• [EXERCISE PROMPT]: The data should be printed in full, character for character.

(Saved entries)
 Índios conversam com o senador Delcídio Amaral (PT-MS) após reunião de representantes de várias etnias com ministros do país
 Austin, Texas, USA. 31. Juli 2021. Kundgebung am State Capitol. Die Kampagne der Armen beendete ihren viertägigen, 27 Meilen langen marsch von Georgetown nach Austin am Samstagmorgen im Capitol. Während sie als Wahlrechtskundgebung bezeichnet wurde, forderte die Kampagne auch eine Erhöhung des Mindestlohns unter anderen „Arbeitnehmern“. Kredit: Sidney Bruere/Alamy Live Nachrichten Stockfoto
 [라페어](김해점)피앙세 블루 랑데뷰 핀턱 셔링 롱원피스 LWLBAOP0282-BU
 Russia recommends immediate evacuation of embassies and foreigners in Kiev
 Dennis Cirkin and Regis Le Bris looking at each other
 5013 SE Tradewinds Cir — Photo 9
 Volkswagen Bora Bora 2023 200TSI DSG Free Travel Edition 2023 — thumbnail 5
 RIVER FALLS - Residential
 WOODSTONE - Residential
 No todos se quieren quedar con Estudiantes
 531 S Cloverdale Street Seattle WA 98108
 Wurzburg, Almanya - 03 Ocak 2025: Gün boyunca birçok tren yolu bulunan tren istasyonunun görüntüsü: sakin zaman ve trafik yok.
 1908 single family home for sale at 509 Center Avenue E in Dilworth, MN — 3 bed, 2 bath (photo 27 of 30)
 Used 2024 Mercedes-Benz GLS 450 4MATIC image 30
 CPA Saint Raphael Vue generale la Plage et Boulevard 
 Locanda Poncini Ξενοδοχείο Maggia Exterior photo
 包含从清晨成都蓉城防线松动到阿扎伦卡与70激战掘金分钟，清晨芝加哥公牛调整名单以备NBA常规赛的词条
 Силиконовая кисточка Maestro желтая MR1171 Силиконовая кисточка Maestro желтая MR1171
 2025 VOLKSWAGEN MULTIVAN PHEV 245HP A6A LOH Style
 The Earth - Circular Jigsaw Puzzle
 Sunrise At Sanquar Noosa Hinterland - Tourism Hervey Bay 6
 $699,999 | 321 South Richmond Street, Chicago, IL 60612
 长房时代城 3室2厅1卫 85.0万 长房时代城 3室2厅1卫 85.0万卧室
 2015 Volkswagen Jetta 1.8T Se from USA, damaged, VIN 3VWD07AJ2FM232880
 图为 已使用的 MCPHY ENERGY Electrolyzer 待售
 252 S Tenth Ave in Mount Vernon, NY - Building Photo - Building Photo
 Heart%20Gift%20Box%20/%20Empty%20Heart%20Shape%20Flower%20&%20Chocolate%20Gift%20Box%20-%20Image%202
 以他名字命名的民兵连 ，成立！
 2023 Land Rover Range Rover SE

• [SOLVED EXERCISE]:
 Índios conversam com o senador Delcídio Amaral (PT-MS) após reunião de representantes de várias etnias com ministros do país
 Austin, Texas, USA. 31. Juli 2021. Kundgebung am State Capitol. Die Kampagne der Armen beendete ihren viertägigen, 27 Meilen langen marsch von Georgetown nach Austin am Samstagmorgen im Capitol. Während sie als Wahlrechtskundgebung bezeichnet wurde, forderte die Kampagne auch eine Erhöhung des Mindestlohns unter anderen „Arbeitnehmern“. Kredit: Sidney Bruere/Alamy Live Nachrichten Stockfoto
 [라페어](김해점)피앙세 블루 랑데뷰 핀턱 셔링 롱원피스 LWLBAOP0282-BU
 Russia recommends immediate evacuation of embassies and foreigners in Kiev
 Dennis Cirkin and Regis Le Bris looking at each other
 5013 SE Tradewinds Cir — Photo 9
 Volkswagen Bora Bora 2023 200TSI DSG Free Travel Edition 2023 — thumbnail 5
 RIVER FALLS - Residential
 WOODSTONE - Residential
 No todos se quieren quedar con Estudiantes
 531 S Cloverdale Street Seattle WA 98108
 Wurzburg, Almanya - 03 Ocak 2025: Gün boyunca birçok tren yolu bulunan tren istasyonunun görüntüsü: sakin zaman ve trafik yok.
 1908 single family home for sale at 509 Center Avenue E in Dilworth, MN — 3 bed, 2 bath (photo 27 of 30)
 Used 2024 Mercedes-Benz GLS 450 4MATIC image 30
 CPA Saint Raphael Vue generale la Plage et Boulevard 
 Locanda Poncini Ξενοδοχείο Maggia Exterior photo
 包含从清晨成都蓉城防线松动到阿扎伦卡与70激战掘金分钟，清晨芝加哥公牛调整名单以备NBA常规赛的词条
 Силиконовая кисточка Maestro желтая MR1171 Силиконовая кисточка Maestro желтая MR1171
 2025 VOLKSWAGEN MULTIVAN PHEV 245HP A6A LOH Style
 The Earth - Circular Jigsaw Puzzle
 Sunrise At Sanquar Noosa Hinterland - Tourism Hervey Bay 6
 $699,999 | 321 South Richmond Street, Chicago, IL 60612
 长房时代城 3室2厅1卫 85.0万 长房时代城 3室2厅1卫 85.0万卧室
 2015 Volkswagen Jetta 1.8T Se from USA, damaged, VIN 3VWD07AJ2FM232880
 图为 已使用的 MCPHY ENERGY Electrolyzer 待售
 252 S Tenth Ave in Mount Vernon, NY - Building Photo - Building Photo
 Heart%20Gift%20Box%20/%20Empty%20Heart%20Shape%20Flower%20&%20Chocolate%20Gift%20Box%20-%20Image%202
 以他名字命名的民兵连 ，成立！
 2023 Land Rover Range Rover SE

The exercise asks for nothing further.